Title :
Message progression in parallel computing - to thread or not to thread?
Author :
Hoefler, Torsten ; Lumsdaine, Andrew
Author_Institution :
Open Syst. Lab., Indiana Univ., Bloomington, IN
fDate :
Sept. 29 2008-Oct. 1 2008
Abstract :
Message progression schemes that enable communication and computation to be overlapped have the potential to improve the performance of parallel applications. With currently available high-performance networks there are several options for making progress: manual progression, use of a progress thread, and communication offload. In this paper we analyze threaded progression approaches, comparing the effects of using shared or dedicated CPU cores for progression.
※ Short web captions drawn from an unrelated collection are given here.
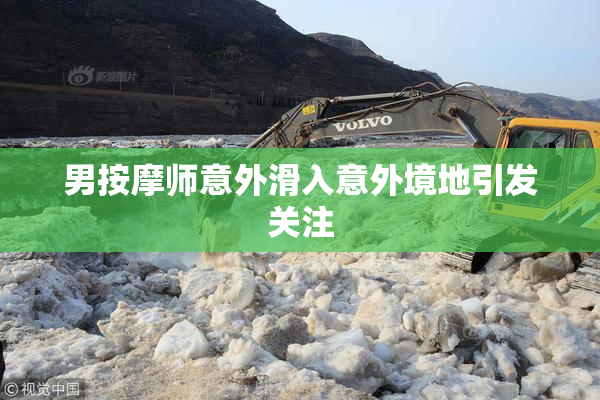 男按摩师意外滑入意外境地引发关注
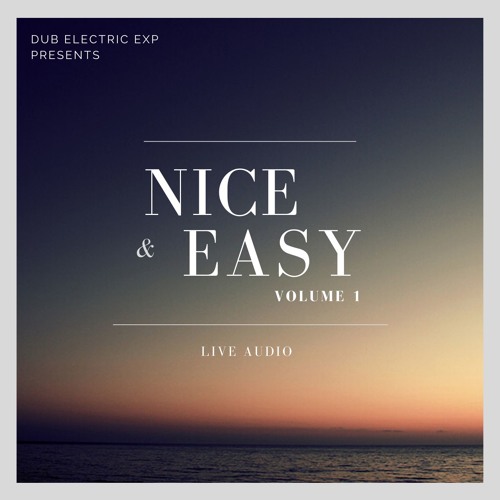 Stream Dub Electric Experience Presents Nice & Easy Volume 1 (Live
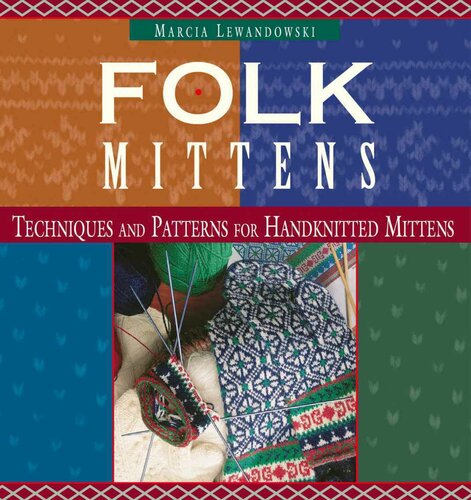 Folk Mittens Techniques And Patterns For Handknitted Mittens Marcia Lewandowski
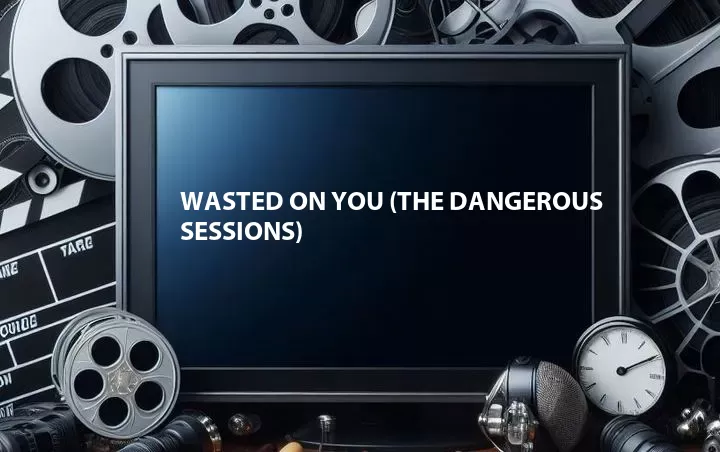 Wasted on You (The Dangerous Sessions)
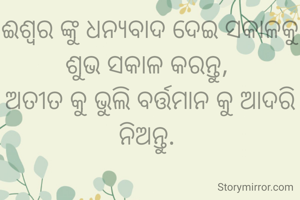 ଈଶ୍ୱର ଙ୍କୁ ଧନ୍ୟବାଦ ଦେଇ ସକାଳକୁ ଶୁଭ ସକାଳ କରନ୍ତୁ, 
ଅତୀତ କୁ ଭୁଲି ବର୍ତ୍ତମାନ କୁ ଆଦରି ନିଅନ୍ତୁ. 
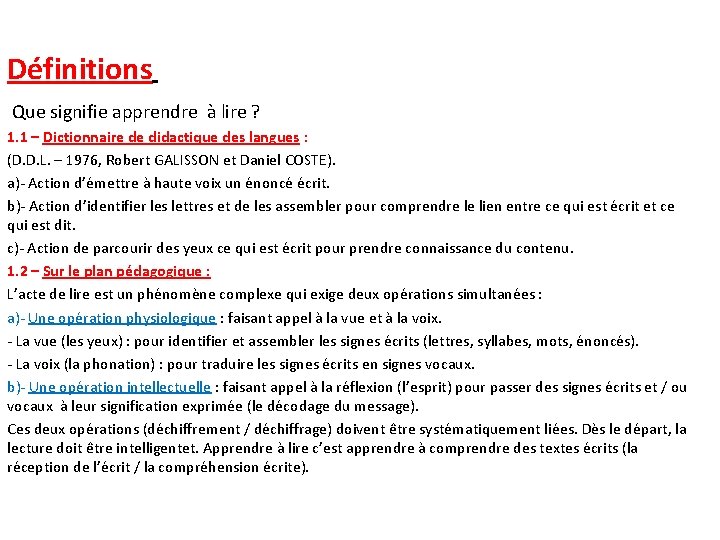 Définitions Que signifie apprendre à lire ? 1. 1 – Dictionnaire de didactique des Définitions Que signifie apprendre à lire ? 1. 1 – Dictionnaire de didactique des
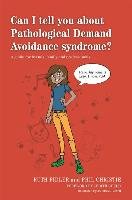 Can I tell you about Pathological Demand Avoidance syndrome? - Fidler Ruth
To perform these comparisons, we propose time-based and work-based benchmark schemes. As expected, threaded progression performs well when a spare core is available to be dedicated to communication progression, but a number of operating system effects prevent the same benefits from being obtained when communication progress must share a core with computation. We show that some limited performance improvement can be obtained in the shared-core case by real-time scheduling of the progress thread.
Keywords :
parallel processing; scheduling; CPU cores; communication offloads; high-performance networks; message progression schemes; operating system; parallel applications; parallel computing; real-time scheduling; work-based benchmark schemes; Communication standards; Hardware; Intelligent networks; Libraries; Middleware; Operating systems; Parallel processing; Protocols; Testing; Yarn;
Conference_Titel :
Cluster Computing, 2008 IEEE International Conference on
Conference_Location :
Tsukuba
Print_ISBN :
978-1-4244-2639-3
Electronic_ISBN :
1552-5244
DOI :
10.1109/CLUSTR.2008.4663774